The family lived at La Saline and subsequently Les Sauvagees.

After being widowed in 1929, Lil never remarried and died aged 92.

She remained in the same house in Les Amballes, where she had made her home with her husband, except for five years of the German Occupation when, as a single person occupying a house with several bedrooms, the occupying forces required her to leave and took over her home.

Distressed, she was allocated alternative accommodation in a flat in a larger house not far from her home and with a distant view of her own back garden.

‘Until her death she never forgave the German forces for the enforced move, nor for chopping up cherished pieces of furniture which she and husband Sam had acquired during their marriage,’ said her grandson. ‘It was used by German officers as firewood.’

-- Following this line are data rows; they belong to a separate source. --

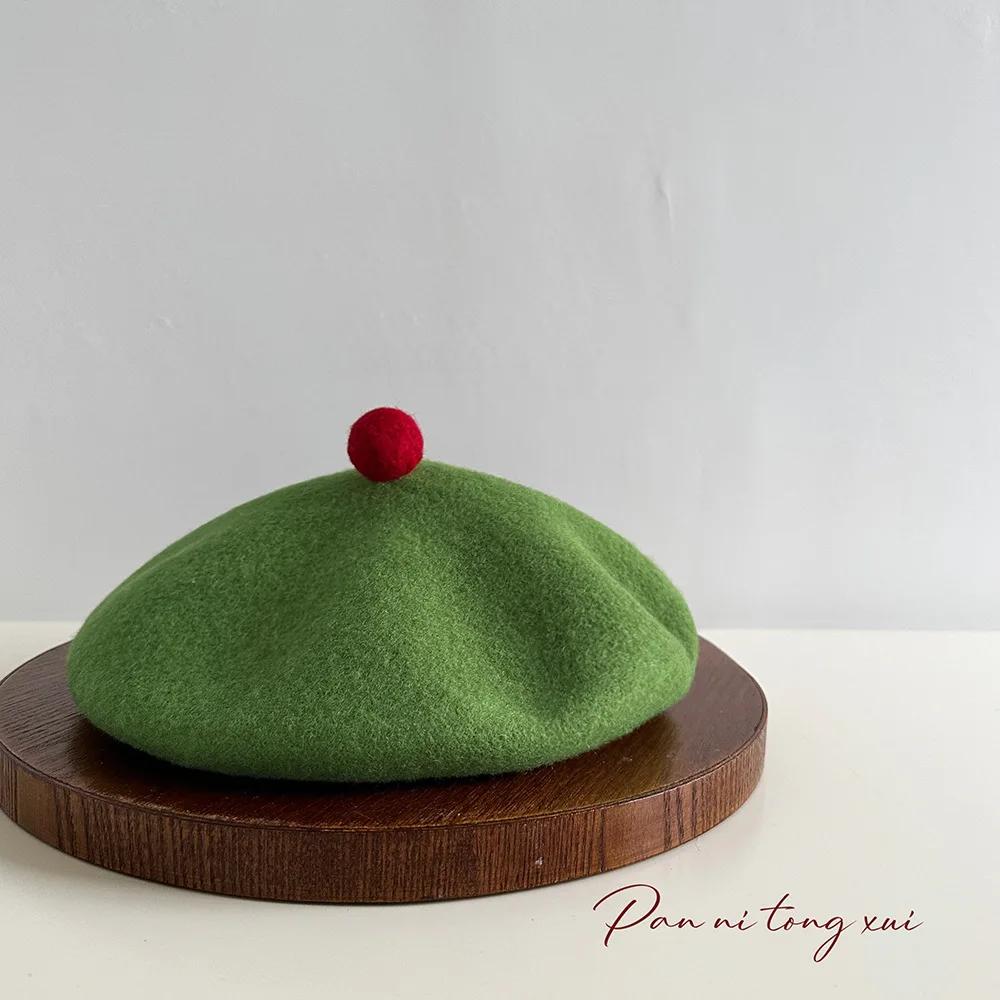 1pc Women French Classic Solid Color Beret Cap,fleece-lined Warmth Leisure Fashion Beanie Hat Suitable for Party Wear Halloween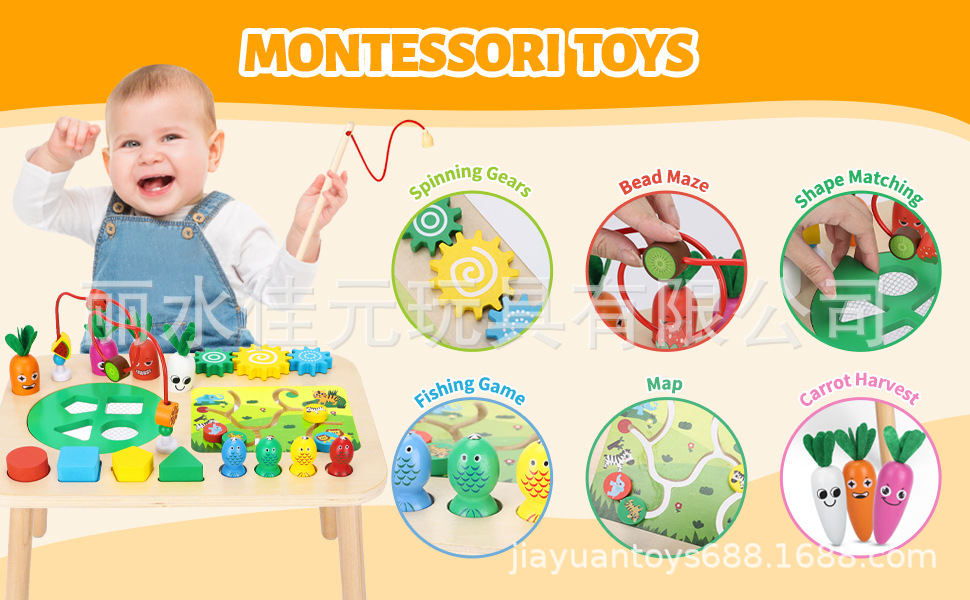 1 Yaşındaki Erkek ve Kız Çocukları İçin 7'si 1 Arada Ahşap Montessori Oyuncakları Bebek Yürümeye Başlayan Çocuk Duyusal Oyuncakları Ahşap Fabrika Aktivite Tablosu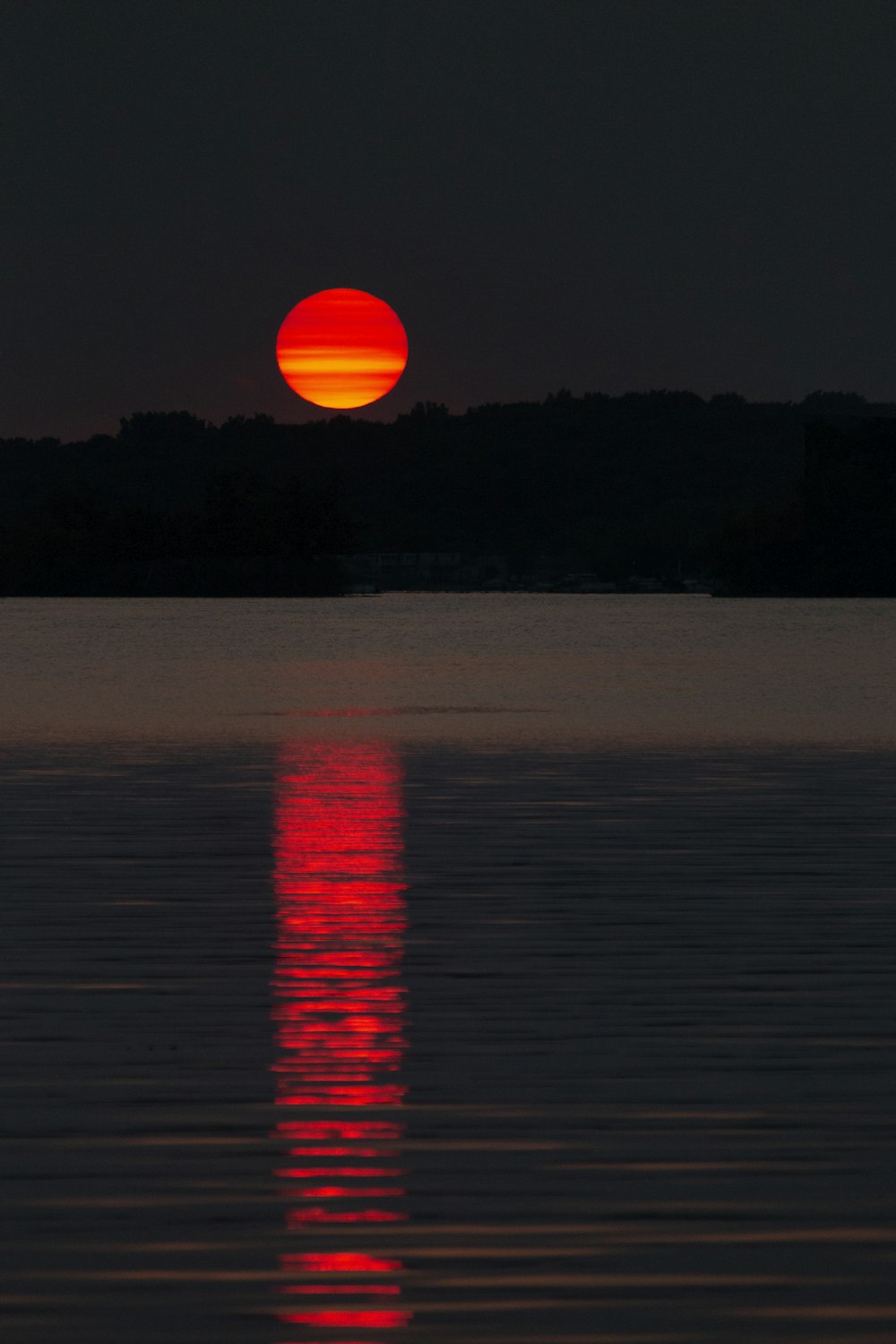 the sun is setting over a body of water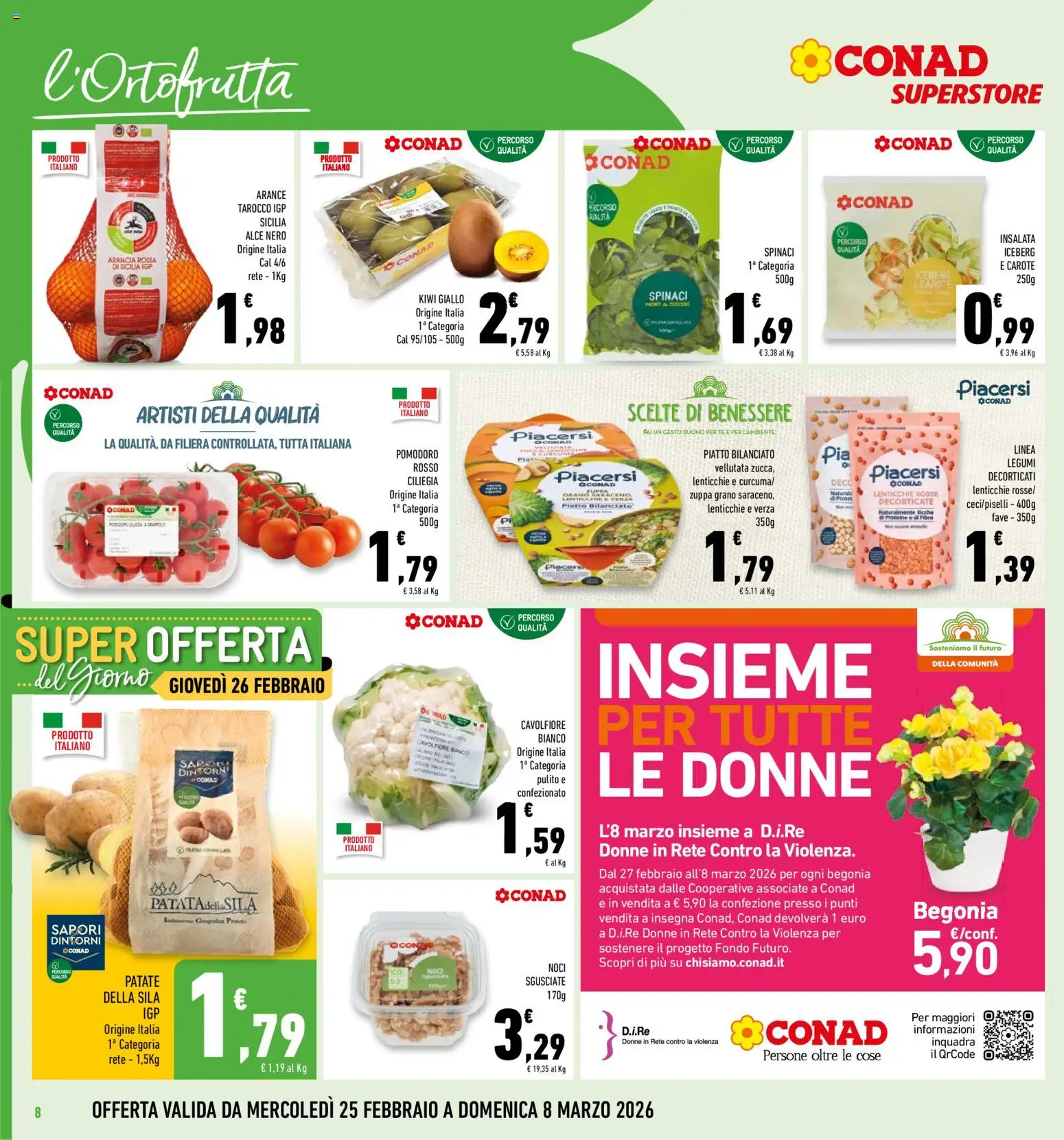 Volantino Conad del 25.02.2026 | Pagina: 8 | Prodotti: Kiwi, Lenticchie, Pomodoro, Cavolfiore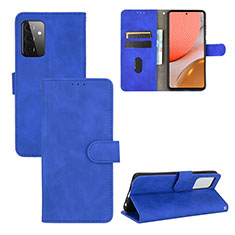 Coque Portefeuille Livre Cuir Etui Clapet L03Z pour Samsung Galaxy A72 4G Bleu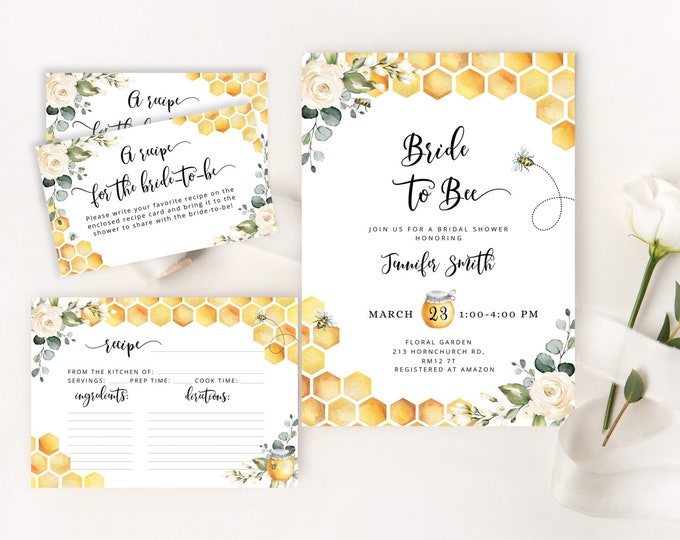 Bride to bee bridal shower invitation template and recipe card. Watercolor Bee bridal shower invitation. Bee recipe card template #bee3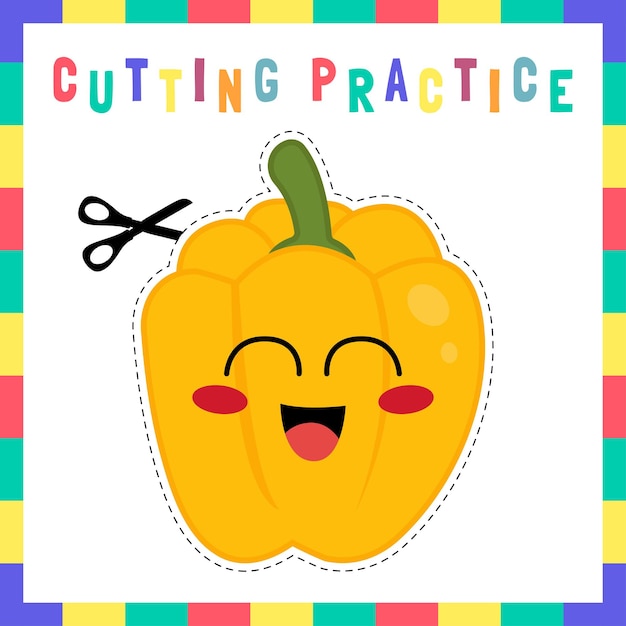 Vector cutting practice worksheet for kids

She also never forgave them for denying her the opportunity to be present at her son Percy’s wedding in Stockport.

Advance notice of the wedding was conveyed by Muriel and Percy by Red Cross message, delivery time being about three months, as islanders well recall.

‘Living nearby, I often visited her after school and used to ask her to tell me stories about life during the Occupation years.

‘When I was seven or eight I can remember her in tears recounting the awful treatment of slave labourers whom she saw being escorted to work, ill-clad and with ragged shoes, under guard through the streets.

‘I do not know how she would have felt about the efforts that I have readily supported to reconcile the people of Guernsey with the people of Biberach, where so many Guernsey residents, in breach of international law, had been deported and interned.’

While he vigorously supports reconciliation, he often speculates about what his grandmother would have thought.

‘Had she been alive today, I hope she would have mellowed in her forthright attitude, but I’m uncertain whether that would indeed have been the case and would fully respect her right to dissent from my enthusiasm, as a post-war baby, for reconciliation.

Lil was one of 10 children. Brothers Thomas and Edgar, had emigrated to Vancouver, British Columbia, but most brothers and sisters remained in Guernsey.

A host of Marleys descended from James Brewer Marley are now spread over many parishes across the island.

Sadly Elsie, Lil’s niece, died in the Cloud of Iona air tragedy off the south coast of Jersey in July 1936.

Many Marleys have excelled in sport over the years. Harry, one of Lil’s nephews, was a scratch golfer. After the Liberation, he left for the United States and lived in Roanoke, Virginia, the hometown of his wife, Martha.

Over the years, Percy and Geoffrey kept in close contact with Harry. Geoffrey was delighted when he returned to the island, aged 96, to be present at his installation as Bailiff in 2005. It proved to be his last visit as he died some months later.

Efforts have been made by one member of the Marley family to trace the family’s origin.

William de Merle was a Norman baron living in the north of England in 1201.

Hugh de Merlay, the King’s Chaplain, in the 1200s, owned property in Falaise, Normandy.

Some Marleys in England trace their ancestry back to William de Merle and Hugh de Merlay and it is known that Marleys were living in the 1500s in County Durham. Much work remains to be done if a link to the Guernsey Marleys is to be established.